Lors du Conseil des ministres du mercredi 19 février, le Premier ministre sénégalais Ousmane Sonko a annoncé l’organisation de fouilles archéologiques pour connaître « la vérité » sur le nombre de tirailleurs africains tués par les forces coloniales françaises lors du massacre de Thiaroye, près de Dakar, le 1er décembre 1944, alors qu’ils réclamaient leur solde.
Le vœu des historiens qui réclament leur tenue depuis près de 20 ans est en passe d’être exaucé : lors du Conseil des ministres de ce mercredi 19 février, le Premier ministre sénégalais Ousmane Sonko a annoncé la prochaine organisation d’une campagne de fouilles archéologiques pour déterminer combien de victimes avaient été tuées lors du massacre de Thiaroye perpétré par les forces coloniales françaises, près de Dakar, dont le Sénégal vient de commémorer le 80e anniversaire, le 1er décembre dernier.

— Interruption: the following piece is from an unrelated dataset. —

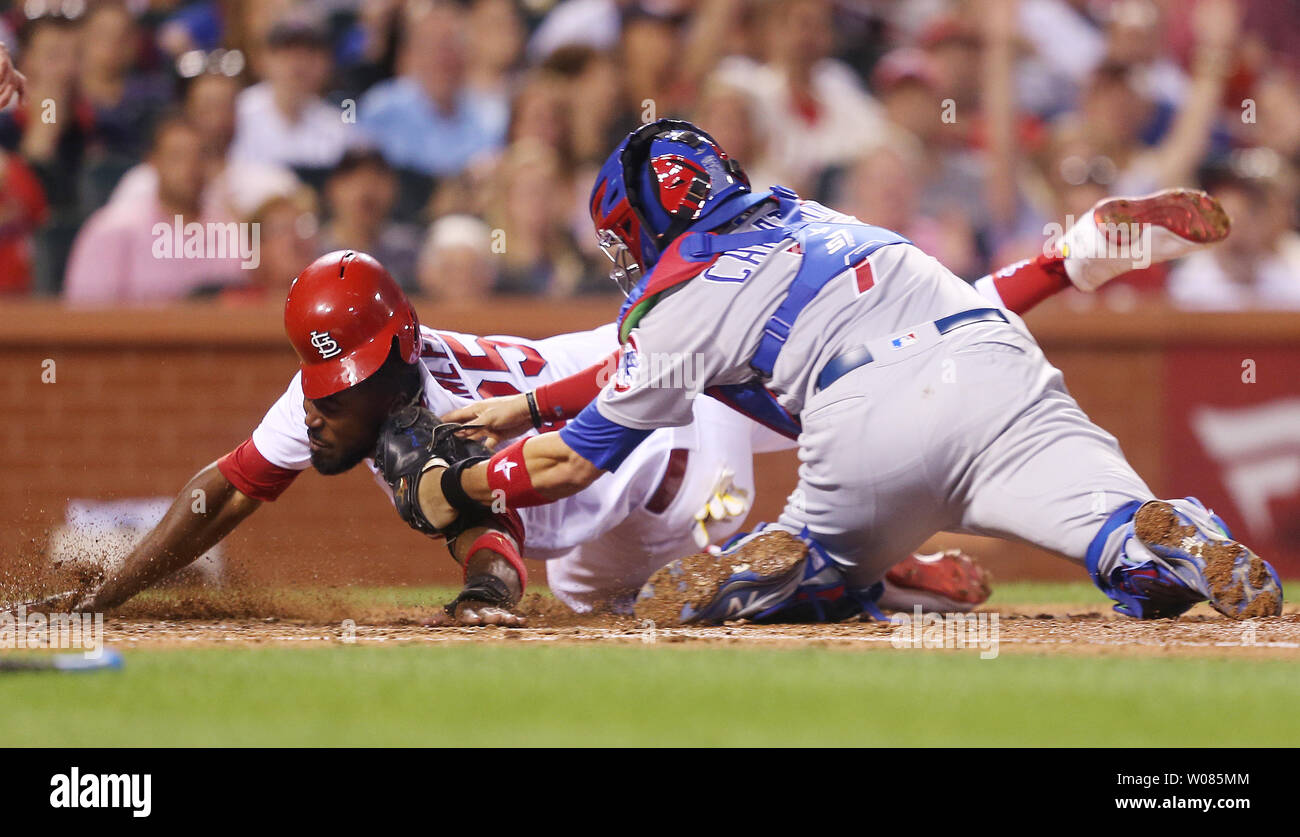 St. Louis Cardinals Dexter Fowler ist zu Hause platte Schlagwörter von Chicago Cubs catcher Victor Caratini, wie er vom dritten Base auf einem Squeeze bunt im vierten Inning am Busch Stadium in St. Louis am 27. Juli 2018 versucht. Foto von Bill Greenblatt/UPI Stockfoto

Si aucune date n’a certes été annoncée pour le lancement des recherches, les spécialistes qui travaillent sur le sujet ne s’en cachent pas : ils sont malgré tout très satisfaits de cette décision qu’ils considèrent comme un « un grand pas » en avant. Pour eux, « le feu vert donné par les autorités sénégalaises pour procéder à ces fouilles » est, en effet, le point le plus important à ce stade, certaines associations attendant une telle décision depuis près de 20 ans. C’est par exemple le cas de l’association sénégalaise des professeurs de géographie qui en avait fait la demande dès 2005, sans succès.
« On revient de très loin, explique ainsi l’historien Mamadou Kone, qui est également membre du comité scientifique sur le massacre de Thiaroye constitué l’an dernier. Depuis les années 2005-2006, nous avons toujours dit que, à défaut d’archives, il fallait procéder à des fouilles archéologiques parce que si les archives ont été dissimulées depuis le 1er décembre 1944, il n’y a aucune raison pour qu’on nous les sorte maintenant gentiment en nous disant : « Désolé, on s’était trompé, on vous les remet » ! », poursuit ce dernier.

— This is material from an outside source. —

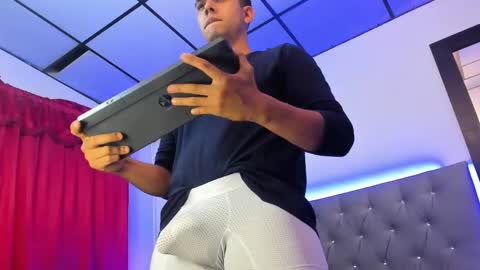 pipe_320 online show from February 24, 2025, 12:52 am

Localiser des fosses communes et des squelettes
Concrètement, la première étape de ces fouilles devrait maintenant résider dans le sondage d’un cimetière de la banlieue de Dakar où des victimes du massacre sont présumées avoir été inhumées, ainsi que du site de l’ancien camp militaire de Thiaroye. Objectif ? Y localiser des fosses communes ou des squelettes, opération dont le déroulement pourrait être rapide grâce aux radars et au matériel technologique aujourd’hui disponibles, selon l’historienne Armelle Mabon.
La phase la plus compliquée risque de se présenter dans un deuxième temps, lorsqu’il faudra passer aux fouilles proprement dites sur un site aujourd’hui largement construit et où un bassin de rétention d’eau a été installé au niveau de l’ancien camp militaire, ce qui pourrait avoir contribué à dégrader les potentiels squelettes de tirailleurs africains qui s’y trouveraient.
Afin d’avoir une chance d’établir – enfin – un bilan réaliste du nombre de victimes tuées à l’arme automatique par les forces coloniales françaises le 1er décembre 1944, les historiens vont donc devoir faire vite. Si eux estiment à 350 au moins le nombre de tirailleurs massacrés ce jour-là, les archives françaises n’en recensent, elles, que 35 actuellement, un chiffre largement sous-estimé, affirment-ils.